**Exercise aim:** Pictures in the data should be dropped; transcribe exactly the lines from the one that has "zuihou và hamakaza" through the one that has "GIGABYTE GA-B250-HD3".

Records from a collection
----------------

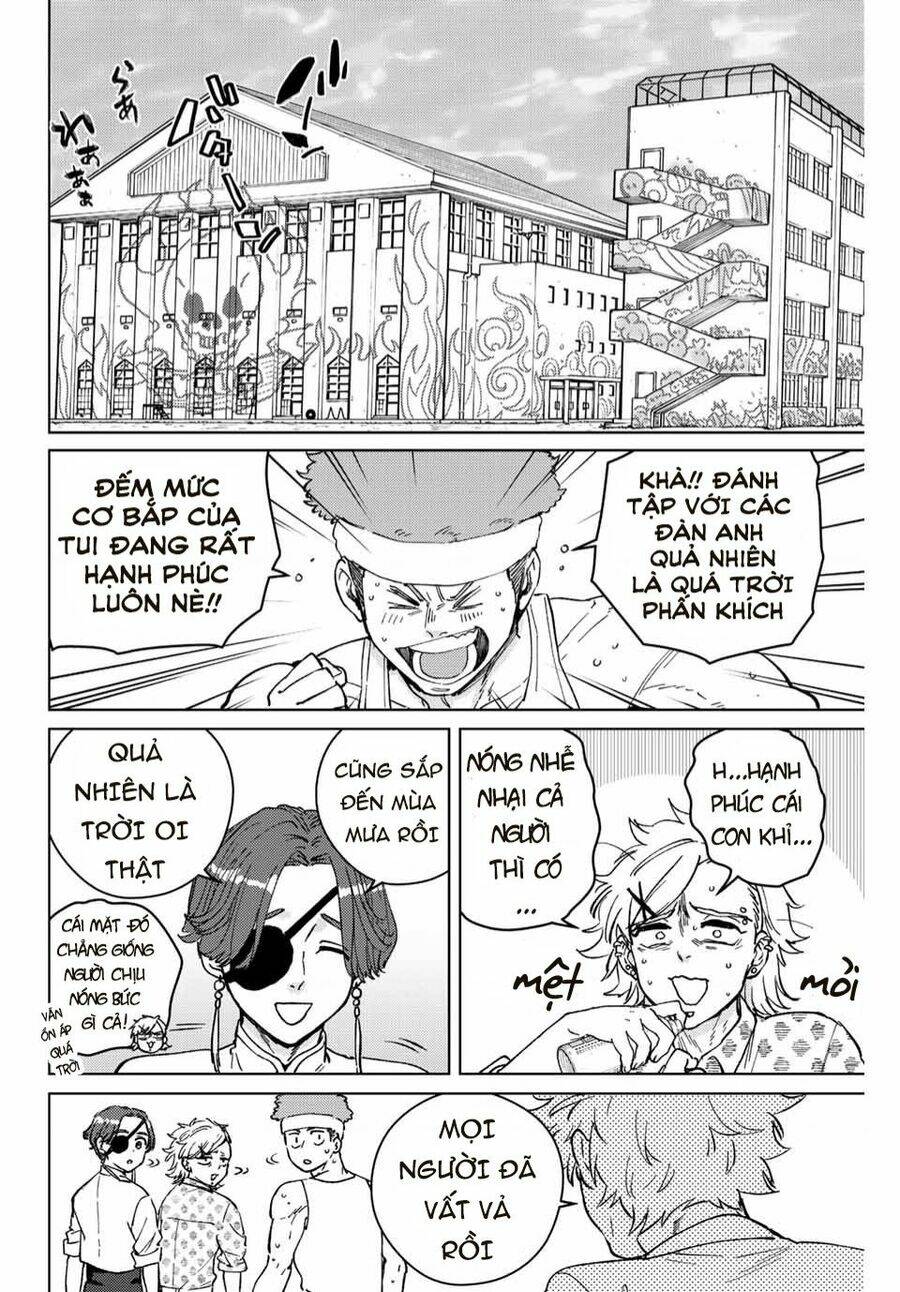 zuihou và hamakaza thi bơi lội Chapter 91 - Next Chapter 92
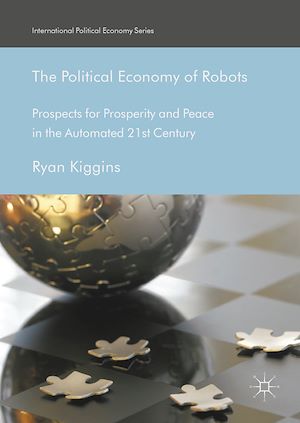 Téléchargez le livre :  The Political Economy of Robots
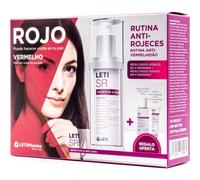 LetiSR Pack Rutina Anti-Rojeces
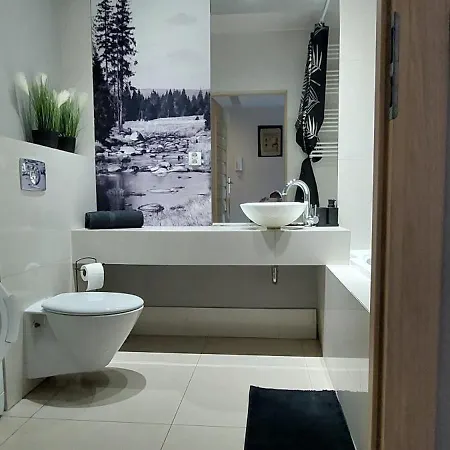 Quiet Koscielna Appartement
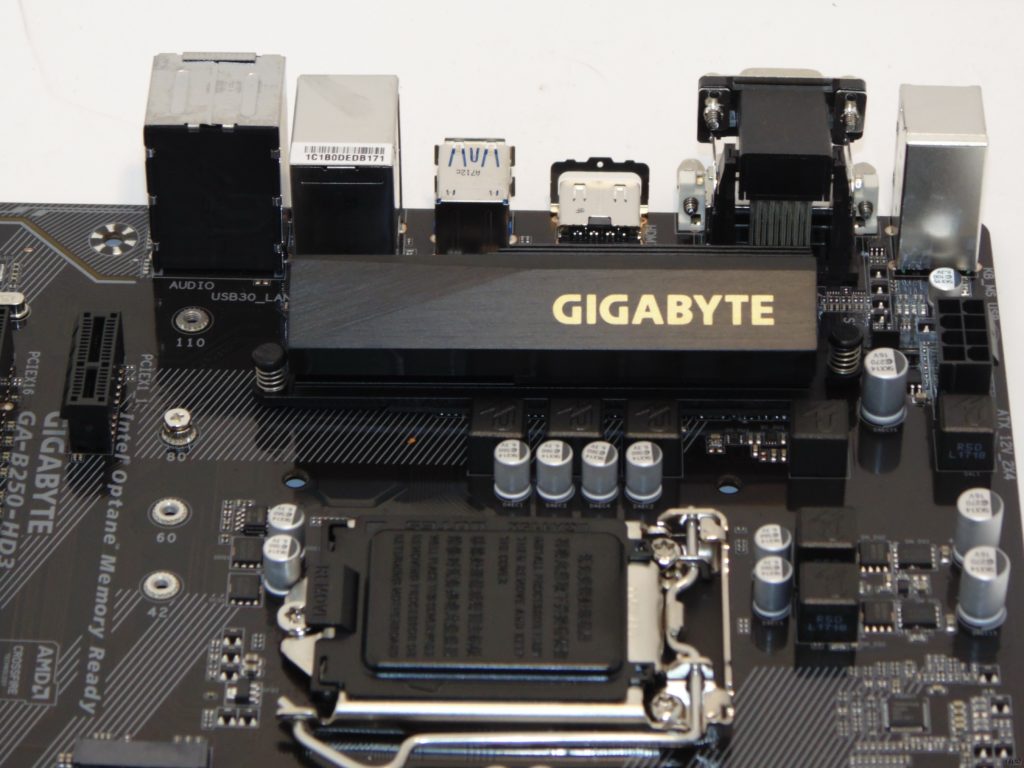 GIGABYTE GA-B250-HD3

----------------

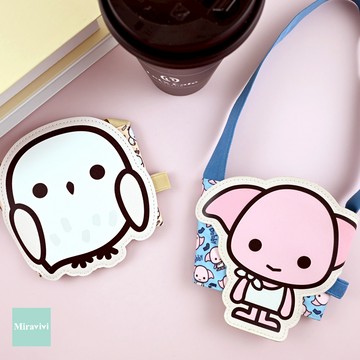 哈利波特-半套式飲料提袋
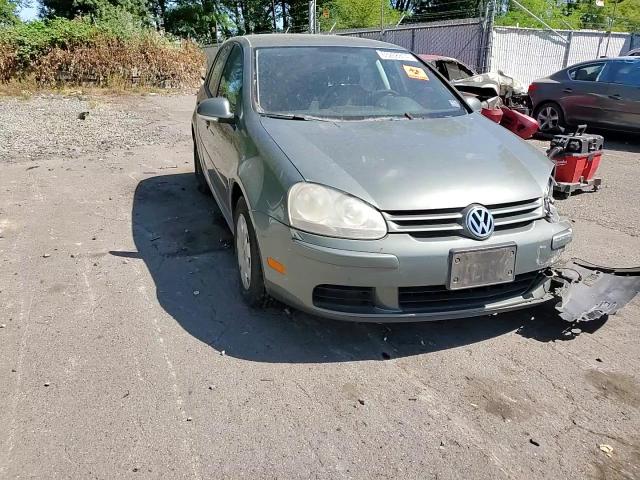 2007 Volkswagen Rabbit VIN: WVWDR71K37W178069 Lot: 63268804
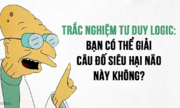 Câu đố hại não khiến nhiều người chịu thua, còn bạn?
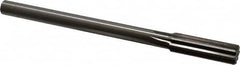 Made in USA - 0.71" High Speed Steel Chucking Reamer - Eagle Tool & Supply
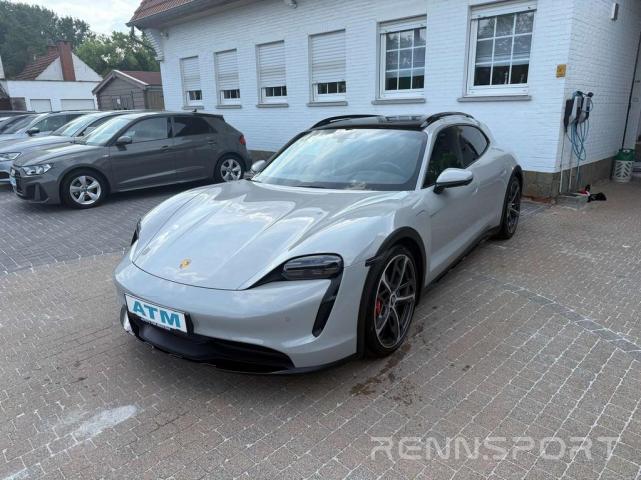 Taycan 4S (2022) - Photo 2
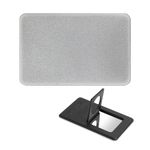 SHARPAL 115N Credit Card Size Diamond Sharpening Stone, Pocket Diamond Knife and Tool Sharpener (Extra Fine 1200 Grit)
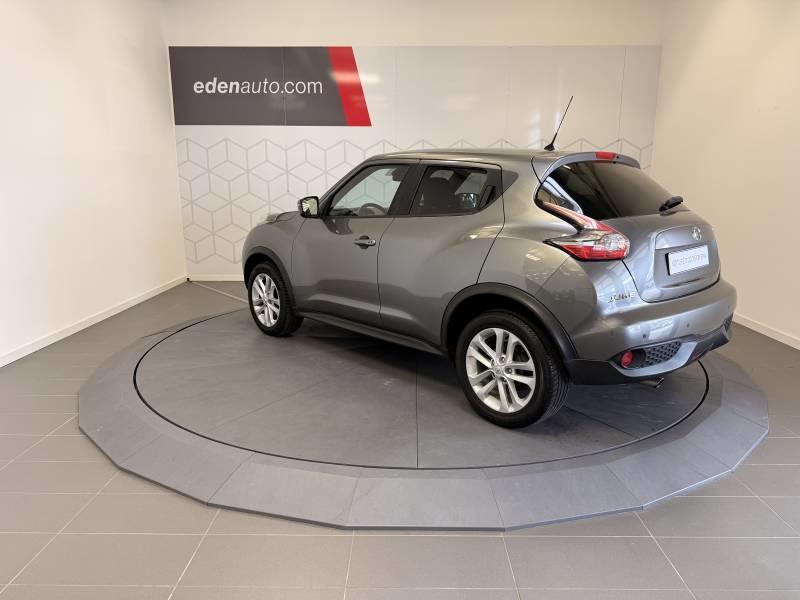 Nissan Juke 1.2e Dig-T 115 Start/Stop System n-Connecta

----------------

**Solution:**
 zuihou và hamakaza thi bơi lội Chapter 91 - Next Chapter 92
 Téléchargez le livre :  The Political Economy of Robots
 LetiSR Pack Rutina Anti-Rojeces
 Quiet Koscielna Appartement
 GIGABYTE GA-B250-HD3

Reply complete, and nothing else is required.